Long Wharf Theatre, New Haven

With its impressive credentials of top-notch playwright, actor, and director, “Have You Seen Us?” offered us high expectations. This “world premiere” of Athol Fugard’s new play, now at Long Wharf, stars Sam Waterston and is directed by Artistic Director Gordon Edelstsein. Waterston and Edelstein bring their own impeccable skills to the show. And Fugard is a playwright of world renown, deservedly so, with a long list of searching, brilliant dramas to his credit. Living under South Africa’s apartheid government, he produced such masterpieces as “Master Harold and the Boys,” Sizwe Bansi is Dead,” “My Children! My Africa!”

But, alas, “Have You Seen Us?” is a decided letdown. It does have a message buried beneath its verbiage, but that message never reaches out across the footlights. For openers, Waterston comes on stage to deliver a long, flat monologue, which produces a somnambulant effect. Why not skip the monologue and get right into the story? Not that there’s much of a story. The play deals with four refugees cast upon the shores of southern California, outcasts longing for their homelands. Henry Parsons (the Waterston character) is a one-time professor, now a hopeless drunk. Adela (Liza Colon-Zayas) is a Mexican who runs a small coffee shop which Parsons regularly visits. Throughout the play they exchange hostile barbs (which should inject life into the piece, but does not). Completing the dramatis personae are two other customers, elderly little Jews who may be Holocaust survivors (Sol Frieder and Elaine Kussack as Solly and Rachel).

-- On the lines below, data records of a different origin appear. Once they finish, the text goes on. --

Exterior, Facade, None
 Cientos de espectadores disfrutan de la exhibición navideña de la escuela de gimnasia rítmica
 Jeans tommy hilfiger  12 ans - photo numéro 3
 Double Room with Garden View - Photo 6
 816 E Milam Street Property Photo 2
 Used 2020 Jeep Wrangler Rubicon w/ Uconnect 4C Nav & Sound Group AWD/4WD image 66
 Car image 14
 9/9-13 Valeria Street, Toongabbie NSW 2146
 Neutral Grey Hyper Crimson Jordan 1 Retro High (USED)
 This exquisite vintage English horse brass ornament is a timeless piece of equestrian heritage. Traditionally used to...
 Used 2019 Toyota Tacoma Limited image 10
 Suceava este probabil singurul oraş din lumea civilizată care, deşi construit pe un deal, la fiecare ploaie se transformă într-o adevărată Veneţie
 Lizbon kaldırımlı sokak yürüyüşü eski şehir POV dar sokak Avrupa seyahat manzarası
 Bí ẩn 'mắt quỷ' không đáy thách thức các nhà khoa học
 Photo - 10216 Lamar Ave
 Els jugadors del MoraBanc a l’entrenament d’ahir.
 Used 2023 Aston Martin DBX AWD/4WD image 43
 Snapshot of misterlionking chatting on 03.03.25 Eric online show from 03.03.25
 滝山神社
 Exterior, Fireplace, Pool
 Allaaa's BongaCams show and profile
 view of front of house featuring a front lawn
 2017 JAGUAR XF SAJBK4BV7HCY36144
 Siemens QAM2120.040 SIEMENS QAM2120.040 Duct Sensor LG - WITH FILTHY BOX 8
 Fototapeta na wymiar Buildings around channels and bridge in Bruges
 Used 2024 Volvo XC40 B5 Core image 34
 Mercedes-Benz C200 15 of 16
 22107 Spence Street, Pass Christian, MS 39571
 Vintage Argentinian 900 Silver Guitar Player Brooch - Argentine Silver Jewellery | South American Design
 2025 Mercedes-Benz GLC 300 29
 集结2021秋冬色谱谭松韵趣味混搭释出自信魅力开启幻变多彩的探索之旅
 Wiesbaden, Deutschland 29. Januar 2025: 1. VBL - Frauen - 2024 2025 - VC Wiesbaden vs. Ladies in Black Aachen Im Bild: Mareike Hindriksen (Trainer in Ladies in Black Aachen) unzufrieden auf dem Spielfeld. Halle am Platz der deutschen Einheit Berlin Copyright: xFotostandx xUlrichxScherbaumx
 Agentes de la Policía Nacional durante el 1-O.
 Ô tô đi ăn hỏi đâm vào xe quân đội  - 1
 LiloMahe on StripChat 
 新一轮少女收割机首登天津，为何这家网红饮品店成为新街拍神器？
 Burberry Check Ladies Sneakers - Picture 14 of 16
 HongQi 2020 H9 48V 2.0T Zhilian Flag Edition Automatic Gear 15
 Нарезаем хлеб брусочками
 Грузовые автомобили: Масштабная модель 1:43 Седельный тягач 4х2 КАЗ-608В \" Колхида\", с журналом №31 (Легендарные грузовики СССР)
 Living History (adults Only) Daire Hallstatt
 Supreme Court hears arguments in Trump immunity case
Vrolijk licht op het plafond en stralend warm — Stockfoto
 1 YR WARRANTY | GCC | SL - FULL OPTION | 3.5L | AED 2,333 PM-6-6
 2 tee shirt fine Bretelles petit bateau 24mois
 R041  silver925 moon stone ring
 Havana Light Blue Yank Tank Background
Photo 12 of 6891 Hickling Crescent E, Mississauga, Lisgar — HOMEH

The Waterston character (possibly a spokesman for Fugard himself) expresses the sense of loss and alienation he feels far from home. And he carries the baggage of prejudice he has brought with him from South Africa.

He hates Jews. He hates Latinos. But Parsons suddenly has an epiphany. His prejudices drop away when he hears Adela sing a Spanish tune and Solly sing quietly in Yiddish. Thus, Fugard’s highly unlikely denouement, which happens quickly and with no preparation.

To be fair, all four players deliver fine performances. Frieder and Kussack giving touching portrayals of two sad little creatures, victims of history. Colon-Zayas plays the feisty Adela with elegance and a gritty reality. Waterston creates a memorable lead character, down to his believable South African accent. He comes across strongly as the hopeless drunk who has lost everything—wife, children, work, country.

But the actors give better performances than the material warrants. All told, this play of good intentions never delivers the goods. The incomparable Fugard worked best in his own homeland during its time of crisis. His powerful voice no longer has the target of apartheid against which to rail.